Dix jeunes hommes robustes tirent avec une corde de raphia tressé un bœuf lié par les cornes.
C'est un taureau de trois ans sa bosse, lourde de graisse, tremble à chacun de ses mouvements il est de la couleur préférée des Invisibles, tout noir avec des taches blanches au front.

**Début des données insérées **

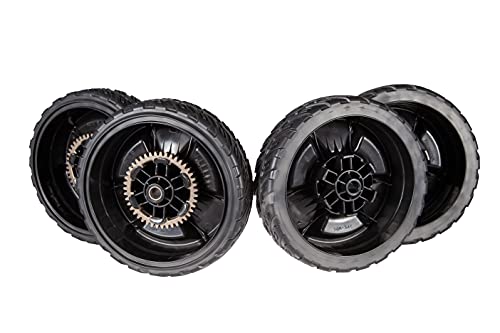 WILDFLOWER Tools Lawn Mower Wheel Kit for HRN216 - Thumbnail 4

Les hommes de la Race apportent aussi les offrandes rituelles, le Râmy odorant à brûler dans les cassolettes de fer, la terre blanche pour faire les sept marques sur l'Arbre sacré, le miel d'une ruche dont les abeilles sont encore vivantes, les pièces d'argent non coupées, et les perles aux vives couleurs qui réjouissent les yeux des Invisibles.

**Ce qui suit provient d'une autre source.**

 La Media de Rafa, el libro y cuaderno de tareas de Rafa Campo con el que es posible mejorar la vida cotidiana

Les femmes annonciatrices des prières s'accroupissent en cercle autour du Lieu saint; leurs cheveux, divisés en trois tresses, sont arrangés en boules sur le devant et les côtés de la tête; leurs bras et leurs seins sont parfumés d'huile de Santal, comme le soir, lorsqu'elles se parent pour les jeux d'amour; des lambas à grandes fleurs rouges serrent leurs corps comme en une gaine, et leurs narines droites s'ornent de rosaces d'or, à la mode Sakalave. Elles battent des mains en cadence, chantent les chants rituels, et, dans l'intervalle, les hommes soufflent à pleine bouche dans de grosses conques marines, ou frappent à grands coups les peaux de bœuf tendues sur les troncs d'arbre creusés.
Les vieillards, avec les hommes possédés par les Esprits, se sont assis l'intérieur du cercle des femmes, et tournés vers l'Est, élèvent les paumes de leurs mains ouvertes vers l'arbre de Randriambéhâze, en commençant les invocations :
- Nous vous appelons, Esprits des Rois anciens, qui avez régné au matin des temps sur la
terre sakalave ! Nous appelons ceux du Nord et ceux du sud, de Mahàbe, d'Analalâve, de Kiaoamamangue ! 0 Lâhifotse, l'homme blanc doué de sagesse, ô Andriankatsakatsanâle, qui rôdes ça et là dans la forêt, ô Randriambéhâze, le Seigneur-au-nombreux-butin, Maître de cette Terre, et tous
les Rois du Boéni, du Ménabé et du Pays-lointain d'où sont venus ces Ancêtres, nous vous appelons !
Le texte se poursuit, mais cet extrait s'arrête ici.